Starting with the first line and ending with the line that holds "10825 Marine View", repeat the material exactly.

START INPUT MATERIAL

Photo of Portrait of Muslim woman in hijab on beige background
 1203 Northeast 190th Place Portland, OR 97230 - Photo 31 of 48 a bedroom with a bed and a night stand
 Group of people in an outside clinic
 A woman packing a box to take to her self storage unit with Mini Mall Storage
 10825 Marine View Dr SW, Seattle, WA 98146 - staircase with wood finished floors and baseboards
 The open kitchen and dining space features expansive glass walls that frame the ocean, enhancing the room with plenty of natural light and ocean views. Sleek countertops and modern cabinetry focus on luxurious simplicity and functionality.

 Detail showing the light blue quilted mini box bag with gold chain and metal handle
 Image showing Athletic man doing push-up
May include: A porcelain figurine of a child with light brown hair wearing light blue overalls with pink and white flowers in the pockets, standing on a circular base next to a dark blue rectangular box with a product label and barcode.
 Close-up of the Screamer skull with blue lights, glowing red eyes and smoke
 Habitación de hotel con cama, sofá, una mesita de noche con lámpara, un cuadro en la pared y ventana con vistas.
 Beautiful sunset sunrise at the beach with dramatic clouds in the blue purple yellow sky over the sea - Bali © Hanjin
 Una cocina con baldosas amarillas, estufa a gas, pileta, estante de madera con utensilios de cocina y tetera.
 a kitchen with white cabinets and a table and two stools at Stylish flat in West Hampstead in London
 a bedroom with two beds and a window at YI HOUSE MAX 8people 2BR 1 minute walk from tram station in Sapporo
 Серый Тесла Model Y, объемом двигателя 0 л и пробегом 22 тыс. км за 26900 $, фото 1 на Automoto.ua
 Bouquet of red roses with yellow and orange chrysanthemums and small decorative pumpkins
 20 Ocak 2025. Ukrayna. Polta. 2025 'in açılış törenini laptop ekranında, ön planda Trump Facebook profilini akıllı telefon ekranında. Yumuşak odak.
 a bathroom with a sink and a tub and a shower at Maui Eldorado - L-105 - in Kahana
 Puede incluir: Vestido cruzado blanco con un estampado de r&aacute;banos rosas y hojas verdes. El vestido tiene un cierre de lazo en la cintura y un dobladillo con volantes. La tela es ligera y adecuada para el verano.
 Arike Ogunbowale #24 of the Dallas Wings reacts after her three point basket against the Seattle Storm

END INPUT MATERIAL

• [SOLUTION TO THE EXERCISE]:
Photo of Portrait of Muslim woman in hijab on beige background
 1203 Northeast 190th Place Portland, OR 97230 - Photo 31 of 48 a bedroom with a bed and a night stand
 Group of people in an outside clinic
 A woman packing a box to take to her self storage unit with Mini Mall Storage
 10825 Marine View Dr SW, Seattle, WA 98146 - staircase with wood finished floors and baseboards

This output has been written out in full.